* **Your objective**: Records follow. Print exactly the lines from the one that has "Ritmin ve Groovun Temeli: Funk Müzik" through the one that has "外汇交易精准解读与应用要点，探讨其具体成效表现", inclusive, and omit the pictures.

___ Exercise data ___

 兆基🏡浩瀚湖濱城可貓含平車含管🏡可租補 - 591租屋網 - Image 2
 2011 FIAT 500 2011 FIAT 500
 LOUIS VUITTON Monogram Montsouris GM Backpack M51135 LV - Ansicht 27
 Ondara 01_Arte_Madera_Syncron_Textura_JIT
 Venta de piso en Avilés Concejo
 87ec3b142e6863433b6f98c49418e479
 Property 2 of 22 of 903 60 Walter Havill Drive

___
___ Exercise data ___

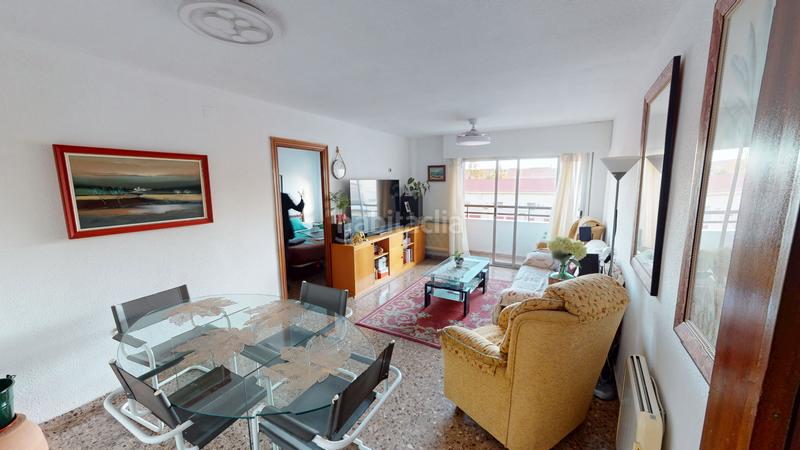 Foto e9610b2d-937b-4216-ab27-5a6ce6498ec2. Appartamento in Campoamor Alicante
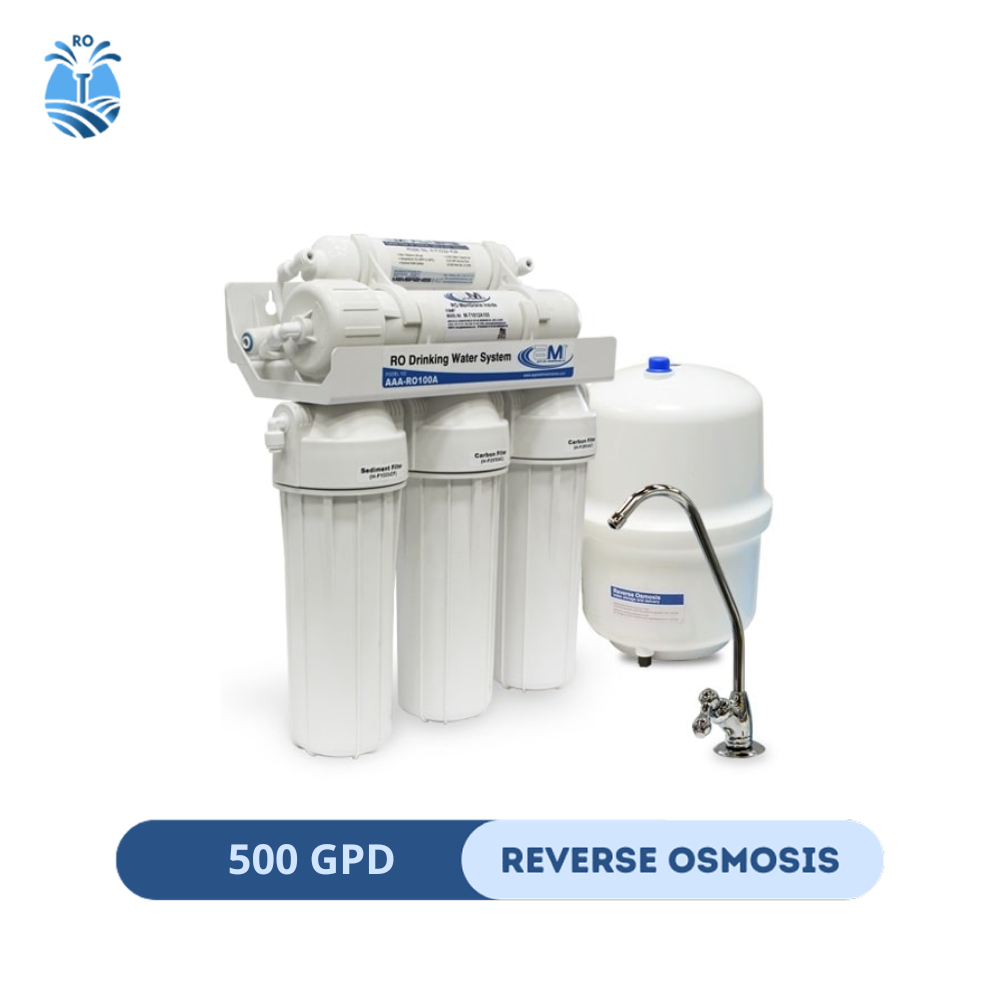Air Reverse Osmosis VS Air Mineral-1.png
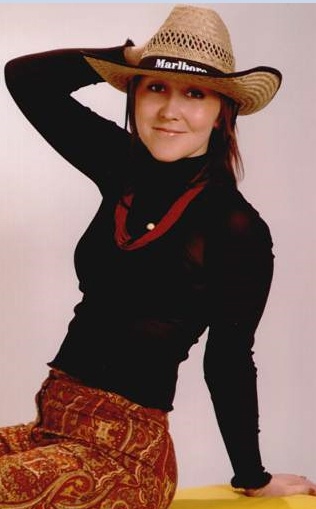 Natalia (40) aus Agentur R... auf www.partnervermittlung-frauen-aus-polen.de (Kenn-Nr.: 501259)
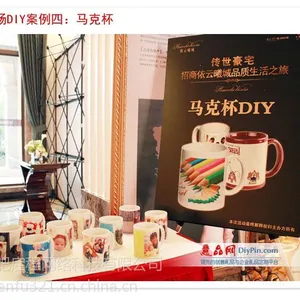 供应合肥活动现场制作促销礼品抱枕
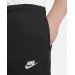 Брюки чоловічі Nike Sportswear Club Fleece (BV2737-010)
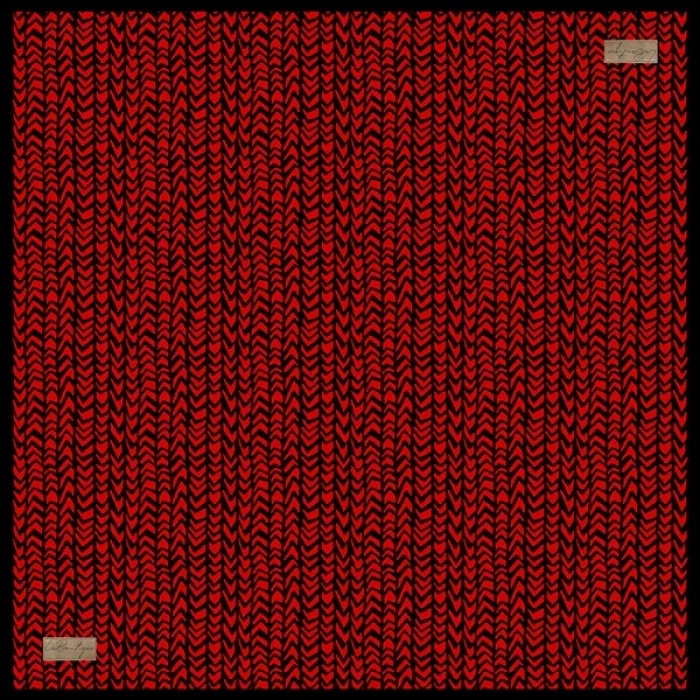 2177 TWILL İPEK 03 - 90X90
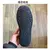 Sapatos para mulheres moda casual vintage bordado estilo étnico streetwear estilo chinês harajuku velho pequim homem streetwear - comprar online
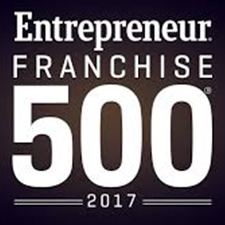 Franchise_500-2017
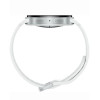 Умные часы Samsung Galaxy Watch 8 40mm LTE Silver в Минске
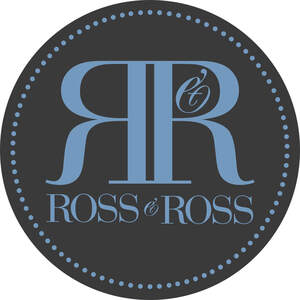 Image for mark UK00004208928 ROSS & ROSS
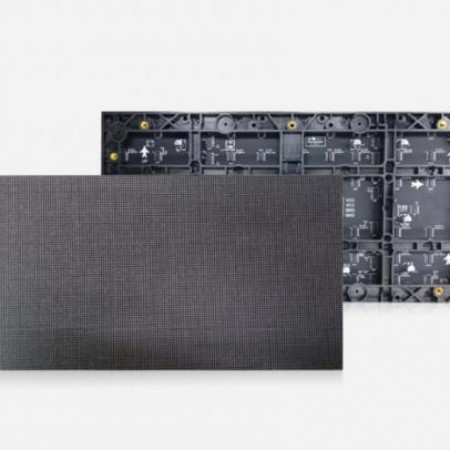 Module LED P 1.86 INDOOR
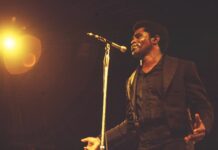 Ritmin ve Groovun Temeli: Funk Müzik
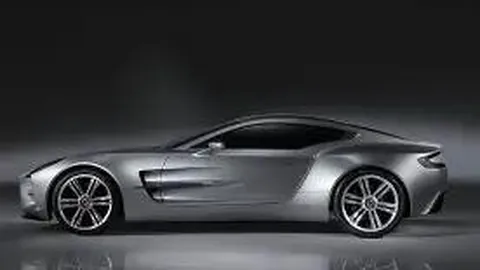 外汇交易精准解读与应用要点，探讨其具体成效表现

___
___ Exercise data ___

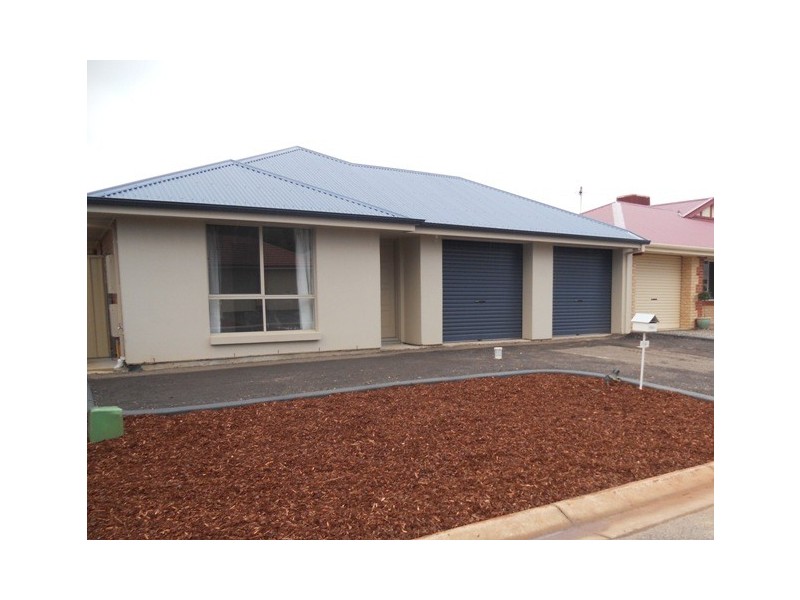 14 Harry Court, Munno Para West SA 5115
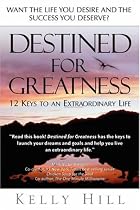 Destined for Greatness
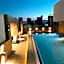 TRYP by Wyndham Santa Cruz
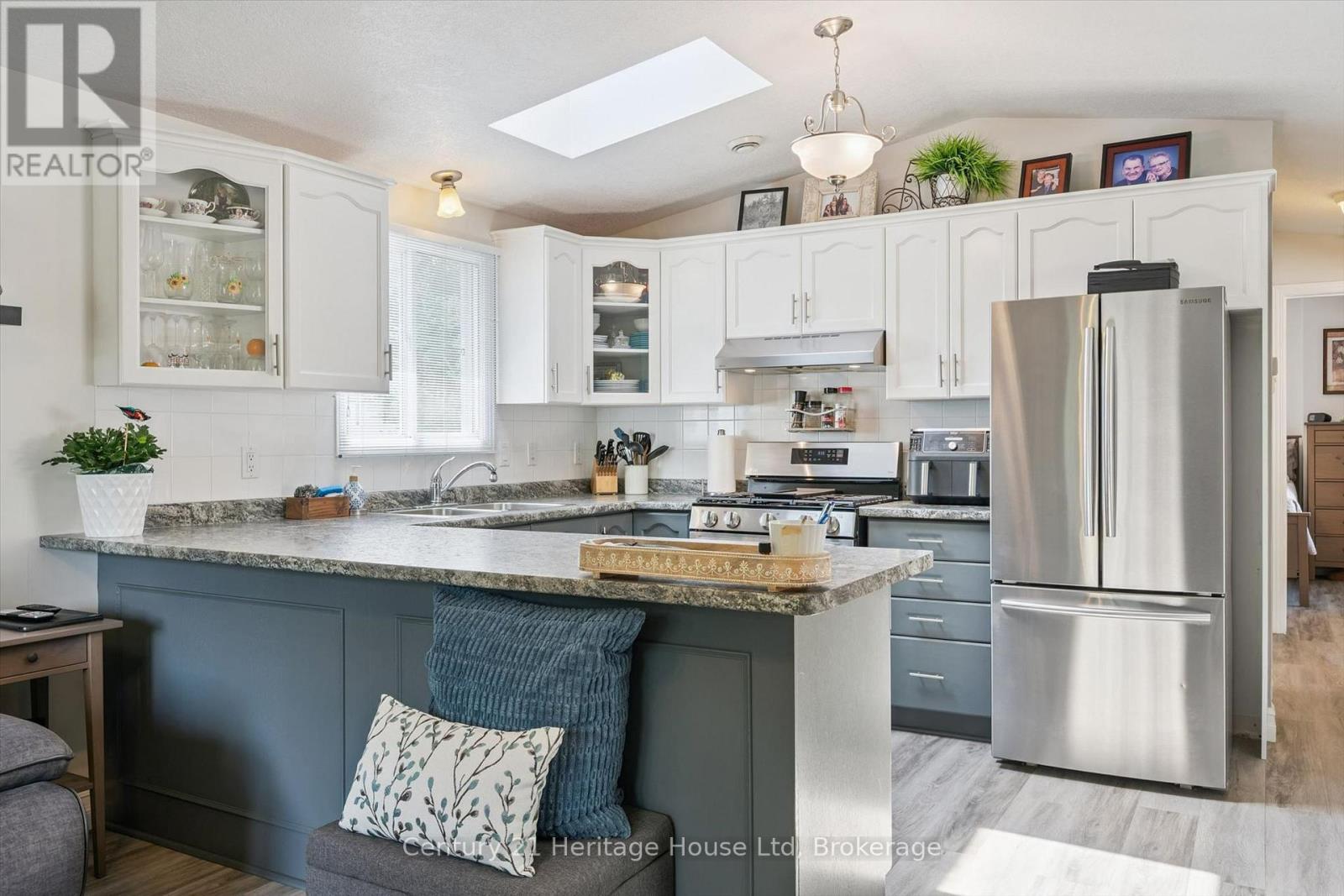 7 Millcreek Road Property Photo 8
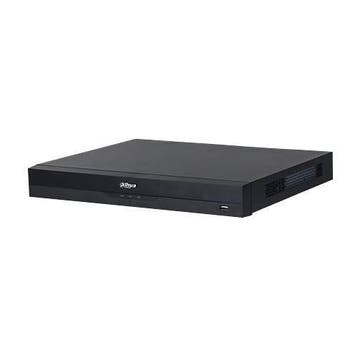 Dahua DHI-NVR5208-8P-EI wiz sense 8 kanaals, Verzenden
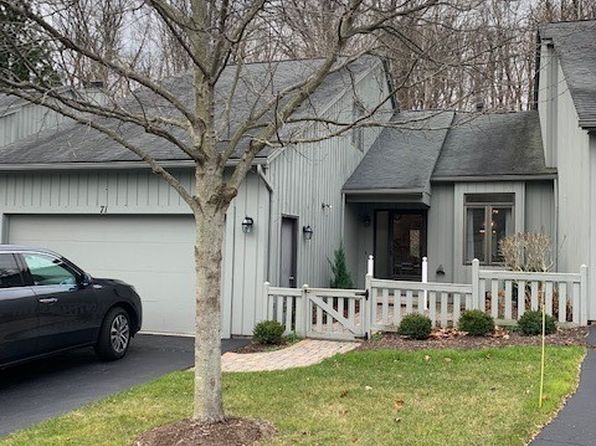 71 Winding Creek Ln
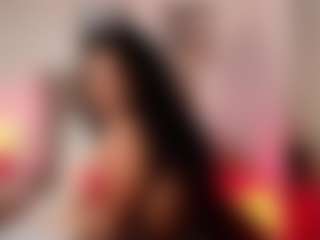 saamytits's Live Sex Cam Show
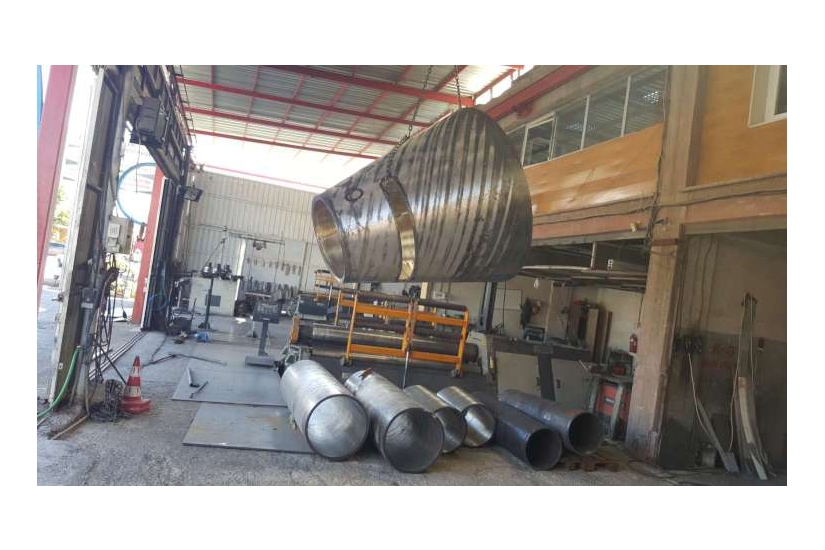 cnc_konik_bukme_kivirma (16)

___

* **Response box**:
 Ritmin ve Groovun Temeli: Funk Müzik
 外汇交易精准解读与应用要点，探讨其具体成效表现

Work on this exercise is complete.